In conclusione, i giochi sembrano ancora aperti, anche se non vanno alimentate false speranze, soprattutto nei confronti dei produttori di sacchetti che non sono in grado di riconvertirsi ai bioshopper, o perché non dispongono di impianti adeguati, o perché non hanno accesso alle forniture di biopolimeri. Difficilmente bioplastiche e plastiche additivate biodegradabili potranno convivere a lungo, a causa del significativo gap prestazionale ed economico (a favore dele seconde, che però non possono vantare un pedigree ambientale altrettanto verde), che finirebbe per mettere fuori mercato i sacchetti in bioplastica. Gli ingenti investimenti annunciati da Novamont, ENI e dal gruppo M&G in questo settore, insieme con quelli in arrivo dall’estero (Cereplast, DSM per citare i principali), avranno senz’altro un peso nelle decisioni del legislatore (di contro, è vero che ENI produce anche polietilene, ma non c’è tecnologia italiana, n'è impianti produttivi nazionali nel segmento degli additivi oxo).

Rischio di monopolio? Non ha invece senso evocare lo spettro del monopolio per mettere in cattiva luce le bioplastiche: è indubbio (e lecito) che Novamont spinga verso l’adozione di bioshopper compostabili, ma il produttore novarese, pur un player importante del mercato, non è l’unico né il principale fornitore mondiale di questa classe di materiali. Piuttosto c’è da chiedersi se esistano sufficienti capacità produttive di biopolimeri per sostenere un passaggio ai sacchetti conformi alla UNI EN 13432. Certo, la situazione è destinata a migliorare nel tempo, con l’avvio di nuove capacità produttive e il dirottamento verso il mercato italiano di produzioni esistenti, ma l’offerta non è sufficientemente elastica nel breve periodo (costruire nuovi impianti richiede molti mesi).

Perché non i riciclati? Manca invece una misura che poteva essere introdotta a costo zero, con beneficio per i produttori di sacchetti e per l’ambiente: stiamo parlando dell'esclusione dal divieto dei sacchetti in plastica riciclata, magari imponendo una logica di closed loop, ovvero prevedendo l'impiego di plastica rigenerata dagli stessi sacchetti, in forma esclusiva o prevalente. Ne avrebbe beneficiato anche il settore del riciclo di materie plastiche, che con la messa al bando degli shopper in polietilene vede ridursi la disponibilità di materia prima per i propri impianti.
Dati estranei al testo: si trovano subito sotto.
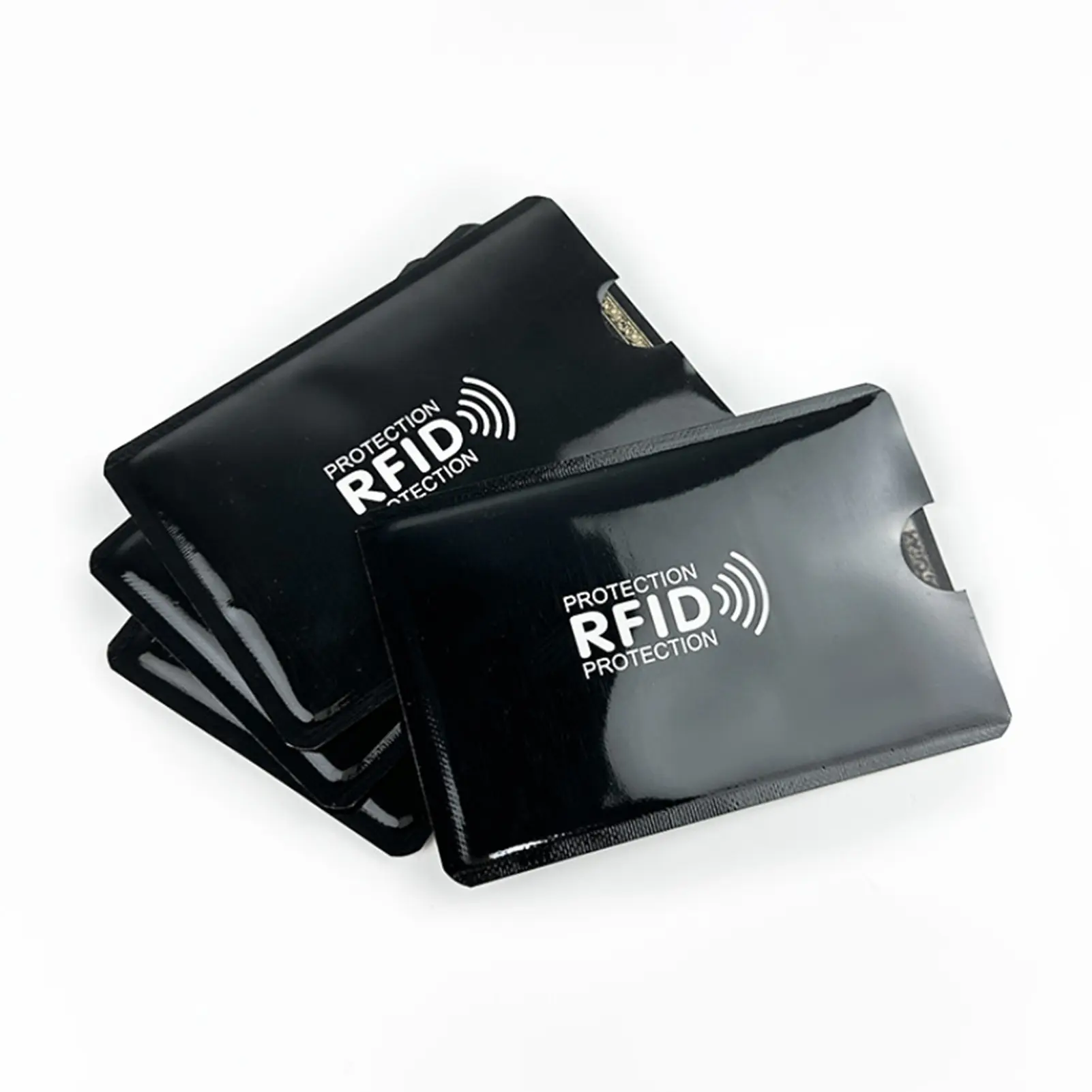 1Pc New Anti Bank Card Holder Metal Nfc Blocking Reader Lock Id Credit Card Bag Men Women Laser Aluminium Card Case Protect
Meno o più plastica? Se poi la ratio del divieto è ridurre la quantità di plastica immessa al consumo, sarebbe stato meglio condurre preventivamente uno studio sugli effetti di tale provvedimento sul mercato finale. Perché se è vero che gli italiani hanno riscoperto il valore della sporta (sacco riutilizzabile) è anche vero che i vecchi shopper in polietilene, robusti pur non essendo spessi, erano utilizzati per svariati usi prima di finire la loro vita come sacchetti della spazzatura, dove conferire l’indifferenziato; sacchetti che oggi vengono comunque prodotti, acquistati e utilizzati (qualcuno dice in quantità notevolmente superiori al passato). C'è chi fa notare che i sacchetti in bioplastica, per garantire prestazioni accettabili, devono essere più spessi di quelli tradizionali, richiedendo quindi un maggior impiego di energia e materie prime (anche fossili, visto che circa il 50 per cento del materiale utilizzato oggi nei bioshopper non è biobased). Per non parlare dello spessore minimo, che avrà come risultato un aumento della quantità di plastica utilizzata, ben oltre quanto richiesto da un punto di vista tecnico. E poi, perché differenziare i sacchi alimentari da quelli destinati ad altri usi?